Les investissements, la croissance et l’emploi devraient figurer en tête de l'ordre du jour pour le prochain mandat de l'UE, affirme le CESE

10 Jul 2014
Réf.: 48/2014

Lors de sa 500e session plénière, le Comité économique et social européen (CESE) a adopté un avis dans lequel il exhorte les nouveaux dirigeants de l'Europe à agir afin d'achever l'Union économique et monétaire européenne (UEM). Ébranlée par la crise économique et financière, l'Europe doit en ressortir plus forte en intensifiant sa lutte contre la stagnation et le chômage.

L'avis met en avant des propositions et des solutions spécifiques visant à doter l'UEM d'une structure de gouvernance plus solide permettant à court terme de garantir plus de croissance et d'emplois, dans un deuxième temps d'achever pleinement l'union économique, et enfin d'aboutir à une union politique qui doit impérativement rester un objectif cardinal. Cet appel vient à point nommé, puisque les institutions de l'UE sont en train de renouveler leur composition. "L'Union économique et monétaire, qui est loin d'être parachevée, est indispensable pour que le projet européen inspire à nouveau confiance et pour qu'il soit durable", souligne Joost van Iersel (groupe des employeurs, Pays-Bas), l'un des deux rapporteurs.

Se renforcer pour affronter l'avenir

Beaucoup reste encore à faire pour améliorer le fonctionnement de l'UEM et pour que les Européens bénéficient à nouveau d'une ère de prospérité. Premièrement, l'UE doit lancer un véritable pacte européen pour la croissance, l'emploi et la stabilité qui soit fondé sur une meilleure mise en œuvre de la législation en vigueur et guidé par l'investissement public et privé, par exemple sous la forme d'obligations émises par la Banque européenne d'investissement et par le Fonds européen d'investissement.
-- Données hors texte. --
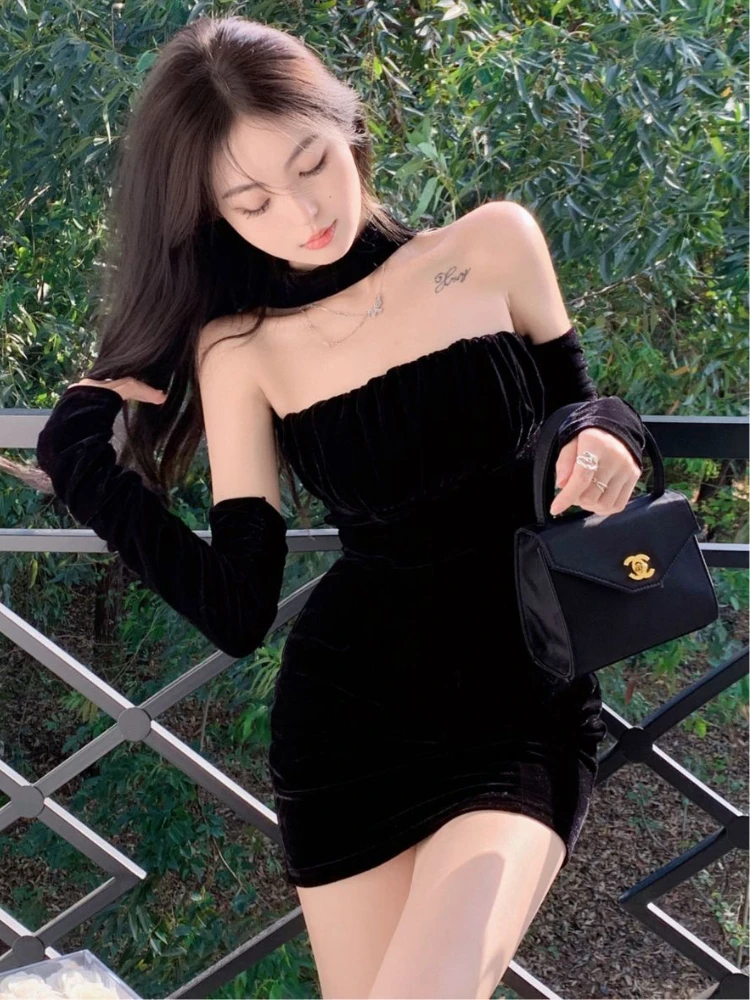 Mini Dresses Women Slim Design Sexy Simple Club Creativity Pure Abdomen Hot Girls Vestidos Elegant Fall Streetwear Chic Ulzzang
Deuxièmement, étant donné que la crise a dévoilé les déficiences dont souffre l'architecture même de l'UEM, il convient de mettre en place des structures plus solides afin de garantir des performances économiques durables et équilibrées et d'empêcher la survenue de nouvelles crises. Pour y parvenir, le CESE fait valoir que les États membres doivent pleinement s'engager à surmonter le climat de méfiance actuel et à atténuer le profond attachement à la souveraineté nationale qui est, en réalité, mieux préservée grâce à un cadre économique et politique commun. Le CESE propose par conséquent une stratégie qui vise à compléter l'UEM et qui repose sur quatre piliers:

  • un pilier monétaire et financier comprenant la mise en œuvre d'une véritable union bancaire pilotée par l'UE et la finalisation du mandat de la Banque centrale européenne;
  • un pilier économique reflétant l'interdépendance croissante entre les États membres et favorisant la compétitivité, la convergence et la solidarité européenne;
  • un pilier social afin de tenir dûment compte, entre autres facteurs, des retombées sociales qu'auront les ajustements économiques; et
  • un pilier politique afin de restaurer la crédibilité et la confiance en renforçant la légitimité démocratique des institutions de la zone euro.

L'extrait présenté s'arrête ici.